222 A.3d 197
Md. Ct. Spec. App.2019Background
- On January 16, 2017, George Forrester was shot in an Annapolis apartment-complex parking lot and later died; eyewitness Tracy Tasker witnessed the shooting.
- Tasker told police Forrester had gone to purchase cocaine from Montague and had used a counterfeit $100 bill; she later identified Montague from a photo array two days after the shooting.
- Montague was arrested about two weeks later; while in pretrial detention he made recorded phone calls in which he performed self-composed rap lyrics referencing .40-caliber bullets, a pickup truck, ambulance pickup, and retaliatory shooting.
- The State played the October 7, 2017 recording at trial as substantive evidence; additional evidence included security video of a runner, shell casings (.40 cal), eyewitness testimony, and limited inconclusive DNA evidence.
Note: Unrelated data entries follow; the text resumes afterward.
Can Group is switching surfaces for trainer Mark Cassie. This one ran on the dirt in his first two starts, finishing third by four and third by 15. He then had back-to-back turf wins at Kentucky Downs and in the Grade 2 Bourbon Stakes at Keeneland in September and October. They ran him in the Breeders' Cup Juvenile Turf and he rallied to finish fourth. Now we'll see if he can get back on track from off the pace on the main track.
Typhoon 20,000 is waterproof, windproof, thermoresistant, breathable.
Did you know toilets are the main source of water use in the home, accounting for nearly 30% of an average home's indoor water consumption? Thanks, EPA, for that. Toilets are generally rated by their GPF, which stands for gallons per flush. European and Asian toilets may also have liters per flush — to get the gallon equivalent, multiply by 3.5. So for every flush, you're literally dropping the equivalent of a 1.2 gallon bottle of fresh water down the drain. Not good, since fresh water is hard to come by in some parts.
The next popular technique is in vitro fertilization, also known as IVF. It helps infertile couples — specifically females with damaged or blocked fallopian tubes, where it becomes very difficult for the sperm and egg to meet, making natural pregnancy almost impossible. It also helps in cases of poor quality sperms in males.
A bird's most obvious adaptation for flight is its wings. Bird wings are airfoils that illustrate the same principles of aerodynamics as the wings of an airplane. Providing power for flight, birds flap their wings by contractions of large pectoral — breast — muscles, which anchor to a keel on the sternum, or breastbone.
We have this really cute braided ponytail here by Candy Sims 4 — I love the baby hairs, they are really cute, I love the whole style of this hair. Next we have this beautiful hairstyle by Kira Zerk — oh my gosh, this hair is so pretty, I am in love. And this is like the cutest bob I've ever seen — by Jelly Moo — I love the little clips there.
- The jury convicted Montague of second-degree murder and related firearm offenses; he was sentenced to 30 years (murder) plus a consecutive 20 years (firearm in a crime of violence).
Issues
| Issue | Plaintiff's Argument (State) | Defendant's Argument (Montague) | Held |
|---|---|---|---|
| Admission of defendant-composed rap lyrics recorded in detention | Lyrics are admissible as party-opponent statements and are strongly tied to the crime (specific details and temporal nexus), so probative value outweighs prejudice | Lyrics are ambiguous/fictional and therefore irrelevant or, alternatively, unfairly prejudicial under Md. Rule 5-403 | Admitted. Court found a strong nexus to charged facts (.40 cal, pickup truck, ambulance, motive) and held probative value was not substantially outweighed by unfair prejudice |
| Suppression of pretrial photo identification by Tasker | Photo array was proper; even if suggestive, identification was independently reliable | Array was impermissibly suggestive (only Montague wore black) and identification unreliable given stress, distance, drug use | Denied. Court held the array was not impermissibly suggestive; therefore suppression unnecessary; reliability would go to weight, not admissibility |
| Jury instruction on flight/concealment | Instruction was supported by evidence (shooter ran from scene; testimony about concealment and refusal to reveal whereabouts) | Instruction improper because identity was the central issue, trial court implicitly endorsed ID, and no evidence defendant fled or concealed after arrest | Affirmed. Appellate challenges largely unpreserved; trial court did not abuse discretion in giving instruction where some evidence of flight/concealment existed |
| Limitation on cross-examination of witness (bias/leniency) | Limits were reasonable; defense could pursue impeachment about convictions; court invited a proffer of any deal/leniency evidence | Ruling prevented meaningful inquiry into witness bias by blocking questions about sentencing disparity and possible favorable treatment | No reversible error. Court afforded the required "threshold of inquiry," invited a proffer (none made), allowed prior-conviction impeachment, and did not abuse discretion or violate Confrontation Clause |
Key Cases Cited
- Hannah v. State, 420 Md. 339 (2011) (rap lyrics used for impeachment were fictional and unfairly prejudicial when not strongly tied to the charged offense)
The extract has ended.